Exactly the lines below from the one with "Комплект за хранене" up to and including the one with "SIXDO G-White Printed Woven Loose Dress" make up the answer, with nothing else added.

===== Data listing

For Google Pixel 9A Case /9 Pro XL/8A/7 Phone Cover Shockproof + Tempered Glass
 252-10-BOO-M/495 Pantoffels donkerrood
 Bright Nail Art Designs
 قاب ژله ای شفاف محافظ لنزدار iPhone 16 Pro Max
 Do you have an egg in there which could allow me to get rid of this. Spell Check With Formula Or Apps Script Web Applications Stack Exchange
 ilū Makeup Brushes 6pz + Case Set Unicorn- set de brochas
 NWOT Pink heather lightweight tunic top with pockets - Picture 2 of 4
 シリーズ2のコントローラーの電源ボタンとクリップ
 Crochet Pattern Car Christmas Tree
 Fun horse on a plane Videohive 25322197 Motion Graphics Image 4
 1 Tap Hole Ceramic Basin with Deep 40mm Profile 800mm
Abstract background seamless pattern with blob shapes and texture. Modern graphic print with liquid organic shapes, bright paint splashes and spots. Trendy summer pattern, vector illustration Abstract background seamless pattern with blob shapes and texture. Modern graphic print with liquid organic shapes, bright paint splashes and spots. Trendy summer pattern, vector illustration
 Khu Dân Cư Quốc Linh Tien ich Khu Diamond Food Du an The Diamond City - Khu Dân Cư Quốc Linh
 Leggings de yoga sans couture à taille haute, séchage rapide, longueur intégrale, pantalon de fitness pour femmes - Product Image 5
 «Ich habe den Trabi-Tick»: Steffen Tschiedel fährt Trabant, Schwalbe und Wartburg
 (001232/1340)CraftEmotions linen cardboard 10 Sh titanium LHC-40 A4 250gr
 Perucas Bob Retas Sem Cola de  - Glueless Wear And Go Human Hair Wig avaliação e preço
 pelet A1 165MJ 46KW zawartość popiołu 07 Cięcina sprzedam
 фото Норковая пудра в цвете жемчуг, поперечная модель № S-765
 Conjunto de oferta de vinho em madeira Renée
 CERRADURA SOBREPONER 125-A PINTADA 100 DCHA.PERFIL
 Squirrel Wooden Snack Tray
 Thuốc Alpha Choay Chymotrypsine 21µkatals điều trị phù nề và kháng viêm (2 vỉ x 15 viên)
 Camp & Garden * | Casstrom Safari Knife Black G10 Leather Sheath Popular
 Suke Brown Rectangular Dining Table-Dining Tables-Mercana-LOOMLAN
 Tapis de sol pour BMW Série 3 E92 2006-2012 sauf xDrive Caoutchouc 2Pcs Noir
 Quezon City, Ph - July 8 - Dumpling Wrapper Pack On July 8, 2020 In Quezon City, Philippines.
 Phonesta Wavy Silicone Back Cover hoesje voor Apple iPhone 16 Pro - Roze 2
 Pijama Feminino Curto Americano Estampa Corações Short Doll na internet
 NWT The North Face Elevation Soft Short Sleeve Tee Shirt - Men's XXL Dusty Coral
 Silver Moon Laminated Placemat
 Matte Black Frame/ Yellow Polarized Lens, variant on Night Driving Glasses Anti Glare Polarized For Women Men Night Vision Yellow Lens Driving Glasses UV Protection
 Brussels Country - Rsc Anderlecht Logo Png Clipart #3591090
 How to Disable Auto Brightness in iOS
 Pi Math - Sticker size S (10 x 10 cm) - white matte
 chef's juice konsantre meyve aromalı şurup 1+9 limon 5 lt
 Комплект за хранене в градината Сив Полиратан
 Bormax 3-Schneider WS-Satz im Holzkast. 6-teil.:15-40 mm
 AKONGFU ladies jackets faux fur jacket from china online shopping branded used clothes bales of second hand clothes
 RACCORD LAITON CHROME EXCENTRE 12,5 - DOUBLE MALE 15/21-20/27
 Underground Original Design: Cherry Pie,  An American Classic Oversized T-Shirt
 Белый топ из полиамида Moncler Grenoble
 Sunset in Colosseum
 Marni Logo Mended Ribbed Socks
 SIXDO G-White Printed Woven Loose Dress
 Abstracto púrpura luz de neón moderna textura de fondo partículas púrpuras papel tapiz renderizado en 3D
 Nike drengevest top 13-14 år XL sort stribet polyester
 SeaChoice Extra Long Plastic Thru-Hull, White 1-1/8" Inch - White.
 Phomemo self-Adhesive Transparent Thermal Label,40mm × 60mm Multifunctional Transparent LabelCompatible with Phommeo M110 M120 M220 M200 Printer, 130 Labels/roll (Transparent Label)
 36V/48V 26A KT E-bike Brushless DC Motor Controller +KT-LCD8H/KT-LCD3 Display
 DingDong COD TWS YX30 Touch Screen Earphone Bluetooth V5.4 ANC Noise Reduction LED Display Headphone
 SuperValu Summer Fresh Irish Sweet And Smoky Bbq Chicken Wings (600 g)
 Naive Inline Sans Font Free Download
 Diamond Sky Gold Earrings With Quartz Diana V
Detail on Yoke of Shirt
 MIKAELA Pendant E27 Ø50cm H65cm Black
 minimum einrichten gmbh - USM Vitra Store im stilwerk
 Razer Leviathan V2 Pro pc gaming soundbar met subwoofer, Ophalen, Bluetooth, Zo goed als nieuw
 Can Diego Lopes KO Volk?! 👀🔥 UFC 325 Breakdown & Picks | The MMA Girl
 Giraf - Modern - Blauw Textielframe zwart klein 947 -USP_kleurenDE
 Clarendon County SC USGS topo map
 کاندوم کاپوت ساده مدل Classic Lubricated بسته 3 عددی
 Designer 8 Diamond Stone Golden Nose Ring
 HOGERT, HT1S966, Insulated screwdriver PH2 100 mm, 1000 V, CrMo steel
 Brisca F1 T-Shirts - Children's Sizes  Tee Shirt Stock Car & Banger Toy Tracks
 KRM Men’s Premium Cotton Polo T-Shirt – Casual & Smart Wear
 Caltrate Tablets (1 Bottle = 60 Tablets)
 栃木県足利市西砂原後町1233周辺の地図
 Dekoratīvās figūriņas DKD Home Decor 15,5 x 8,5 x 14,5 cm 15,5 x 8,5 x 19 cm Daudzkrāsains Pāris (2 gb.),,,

==========

Output of the task -
 Комплект за хранене в градината Сив Полиратан
 Bormax 3-Schneider WS-Satz im Holzkast. 6-teil.:15-40 mm
 AKONGFU ladies jackets faux fur jacket from china online shopping branded used clothes bales of second hand clothes
 RACCORD LAITON CHROME EXCENTRE 12,5 - DOUBLE MALE 15/21-20/27
 Underground Original Design: Cherry Pie,  An American Classic Oversized T-Shirt
 Белый топ из полиамида Moncler Grenoble
 Sunset in Colosseum
 Marni Logo Mended Ribbed Socks
 SIXDO G-White Printed Woven Loose Dress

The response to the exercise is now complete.